*Texto por Luiz Américo Camargo, crítico gastronômico e autor do livro Pão Nosso
Que dólar, que nada. Crise? Sem essa. Para os espumantes nacionais, o momento tem sido digno de um brinde. O setor comemorou um aumento de vendas de 16,5% em 2015, de acordo com o Instituto Brasileiro do Vinho (Ibravin).
As razões dessa performance, mesmo em ano de recessão, são várias. A aceitação crescente do produto nacional, tanto aqui como no Exterior; o reconhecimento da qualidade da bebida; a desvalorização do real, que encareceu os importados. Podemos elencar outros aspectos. Mas minha bandeira, na coluna de hoje, é outra: não podemos perder a oportunidade de difundir o vinho (no caso, representado pelo espumante nacional) para um público mais amplo do que o habitual.

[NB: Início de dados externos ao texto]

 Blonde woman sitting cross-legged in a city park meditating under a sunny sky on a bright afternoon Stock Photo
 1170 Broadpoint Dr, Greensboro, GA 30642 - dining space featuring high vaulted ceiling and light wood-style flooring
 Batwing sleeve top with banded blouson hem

Eu trabalho com conteúdo de gastronomia desde 2003. E, desde então, sinto-me incomodado com uma velha estatística, inalterada há muito tempo. O consumo de vinho em nosso território não sai dos 2 litros por pessoa/ano. Eu sei que essas métricas não refletem diversidades regionais (no Sul, por exemplo, os índices certamente são maiores). Contudo, o fato é que nossa base de consumidores avança pouco.
É evidente que o vinho envolve cultura específica e hábitos e depende da situação econômica, etc. Para mim, entretanto, falta uma atitude, um posicionamento diferente: tratá-lo de um jeito mais descomplicado, mais integrado ao dia a dia. Com produtos verdadeiramente acessíveis, em várias faixas de preço. Um processo que envolve produtores, varejistas, restaurantes, formadores de opinião, profissionais da gastronomia. Ah, sim: volta e meia, o governo também participa, geralmente atrapalhando.

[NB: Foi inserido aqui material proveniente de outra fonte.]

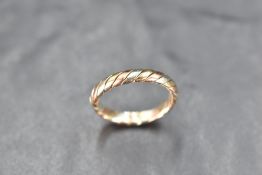 A 9ct gold tri-colour ring, of rope-twist form, marked 375, ring size N, 3grams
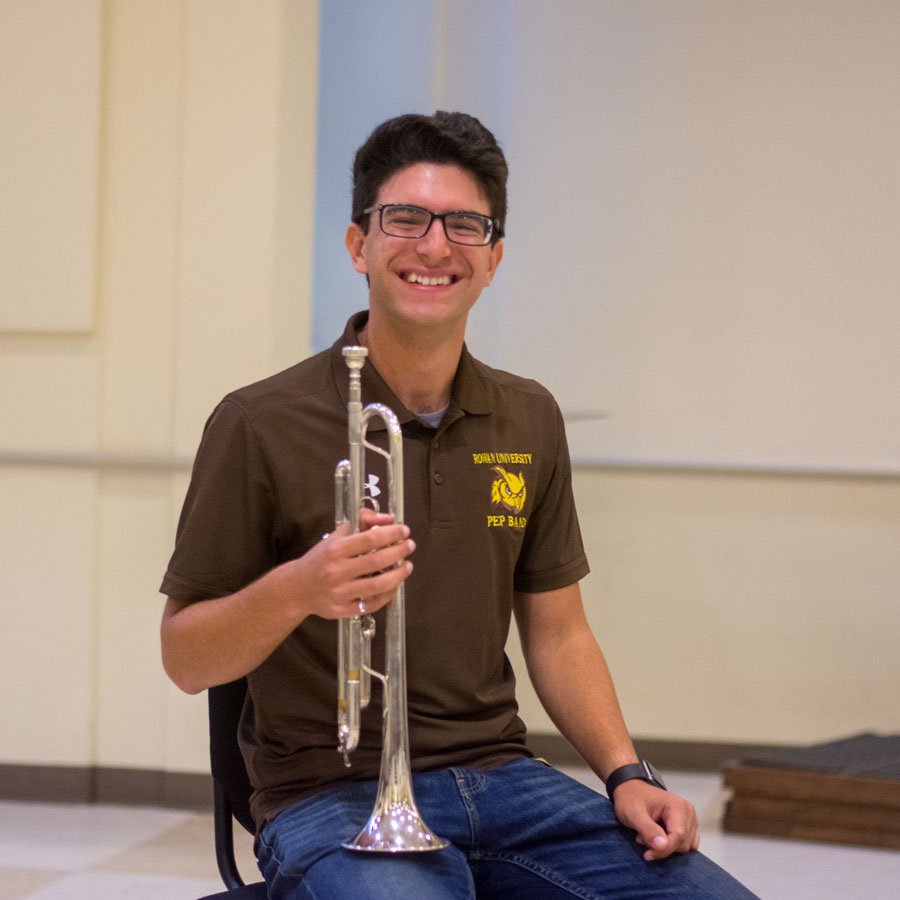 Music education major Michael sitting with a trumpet.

Então, que 2016 continue sendo um bom ano para blanc de blancs, moscatéis e afins, e as borbulhas se consolidem como preferência nacional, indo muito além do Réveillon. Que os brasileiros tratem nosso espumante com respeito, como protagonista de celebrações, à maneira do que os franceses fazem com os seus crémants e champanhas. Mas também o transformem em companheiro de refeições cotidianas. E que o bebam com a alegria com que os espanhóis divertem-se enchendo seus copos de sidra, no ecumenismo dos balcões de bar.